▶ _EXERCISE DETAILS_
Starting at the line that contains "Image of Leica", quote every line through the end of the entries, word for word, skipping the pictures.

▶ _THE DATA_
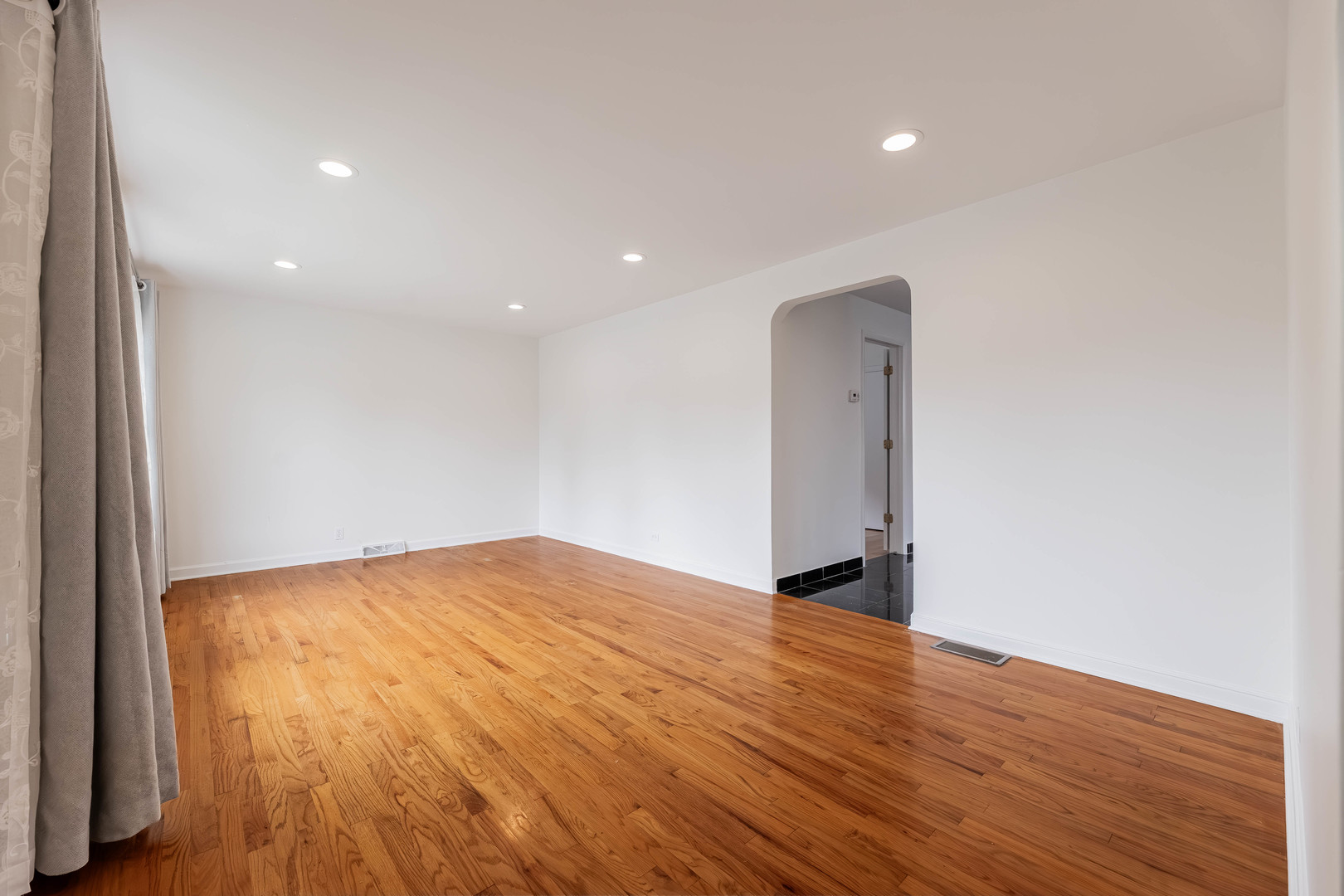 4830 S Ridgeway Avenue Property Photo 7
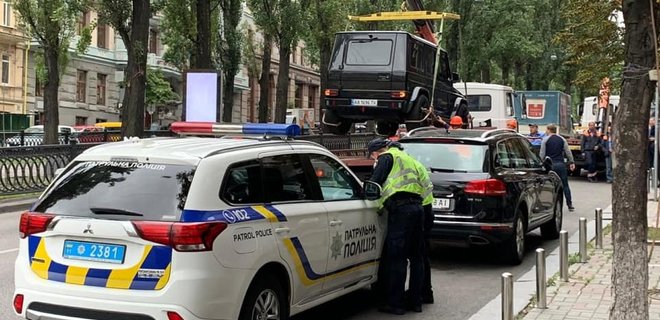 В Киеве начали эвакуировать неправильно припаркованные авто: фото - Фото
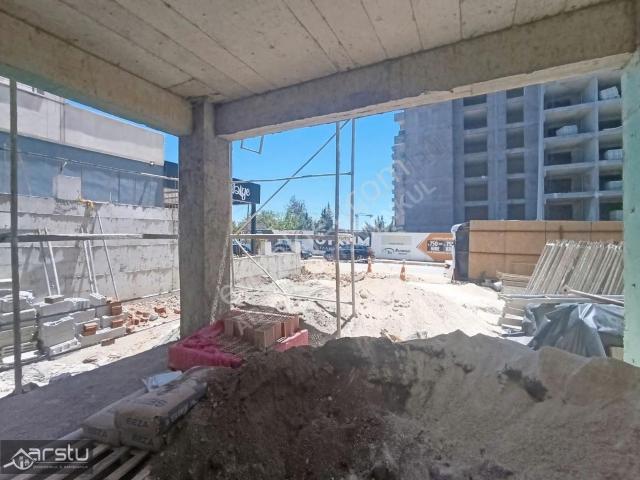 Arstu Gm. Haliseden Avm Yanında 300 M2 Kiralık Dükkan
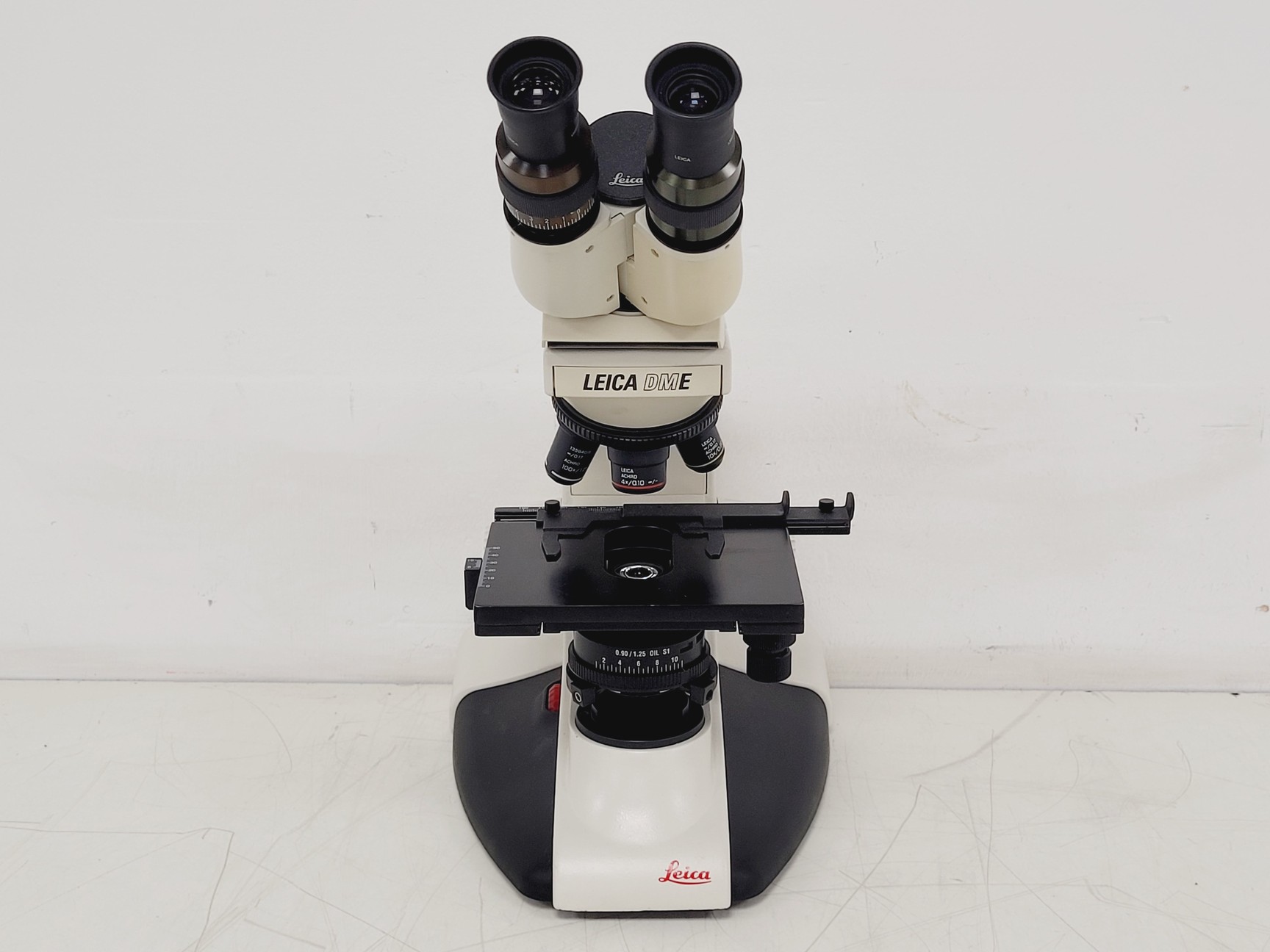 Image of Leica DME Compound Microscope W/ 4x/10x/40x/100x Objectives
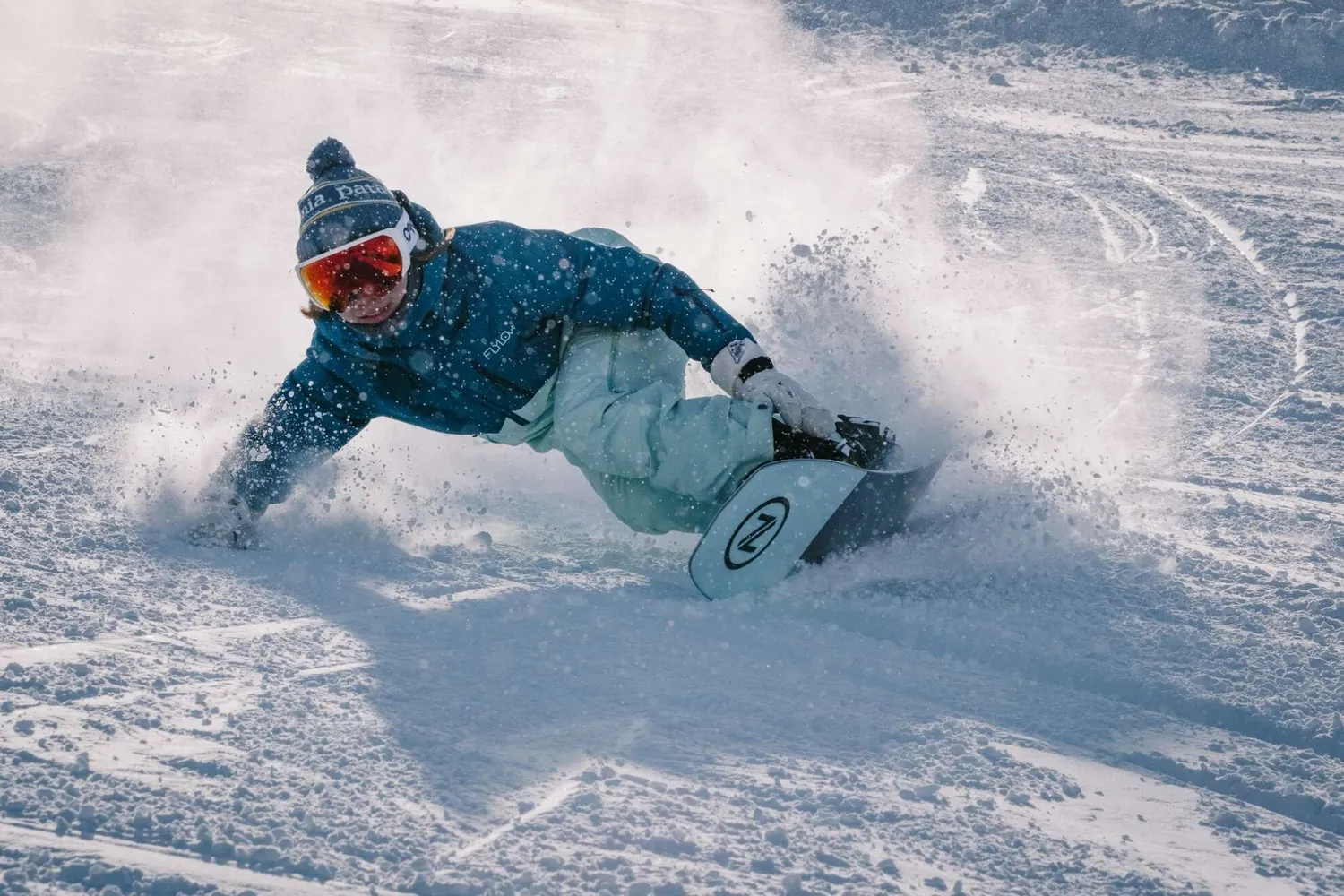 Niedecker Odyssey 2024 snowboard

▶ _SOLUTION TO THIS EXERCISE_
 Image of Leica DME Compound Microscope W/ 4x/10x/40x/100x Objectives
 Niedecker Odyssey 2024 snowboard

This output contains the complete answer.